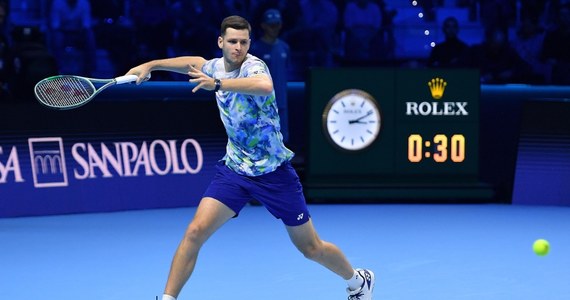 Hubert Hurkacz przegrał 6:7 (1-7), 6:4, 1:6 w Turynie mecz ATP Finals z Novakiem Djokoviciem. Polak, który był zawodnikiem rezerwowym, zastąpił w turnieju kontuzjowanego Greka Stefanosa Tsitsipasa.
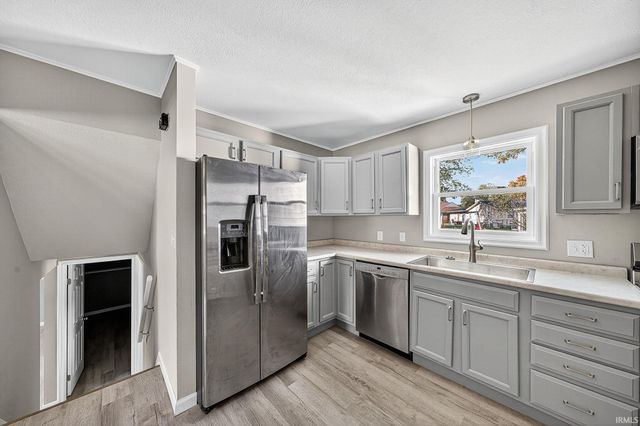 1403 Cantondale Lane, Mishawaka, IN 46544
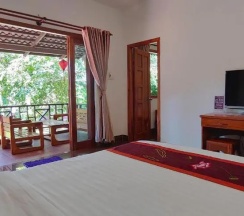 Бунгало c 1 комнатой с видом на сад в Hong Bin Bungalow Resort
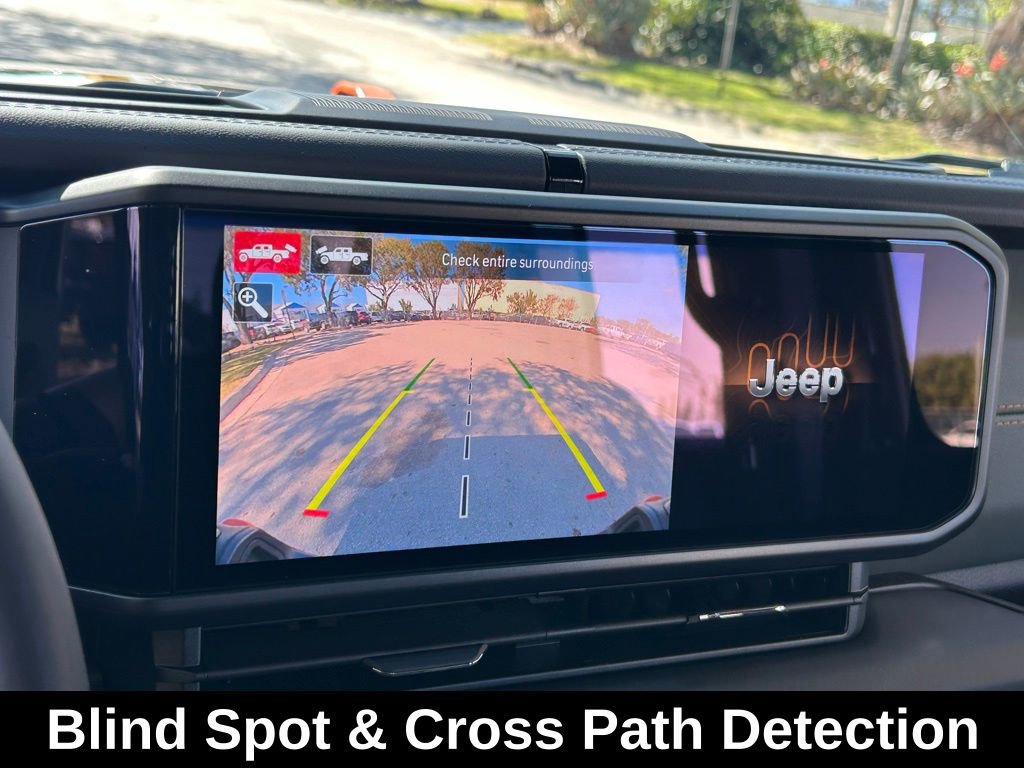 Used 2025 Jeep Gladiator Mojave image 23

— WHAT THE EXERCISE ASKS —
All of the data is to be returned exactly, with no pictures included.

— ANSWER SPACE —
 Hubert Hurkacz przegrał 6:7 (1-7), 6:4, 1:6 w Turynie mecz ATP Finals z Novakiem Djokoviciem. Polak, który był zawodnikiem rezerwowym, zastąpił w turnieju kontuzjowanego Greka Stefanosa Tsitsipasa.
 1403 Cantondale Lane, Mishawaka, IN 46544
 Бунгало c 1 комнатой с видом на сад в Hong Bin Bungalow Resort
 Used 2025 Jeep Gladiator Mojave image 23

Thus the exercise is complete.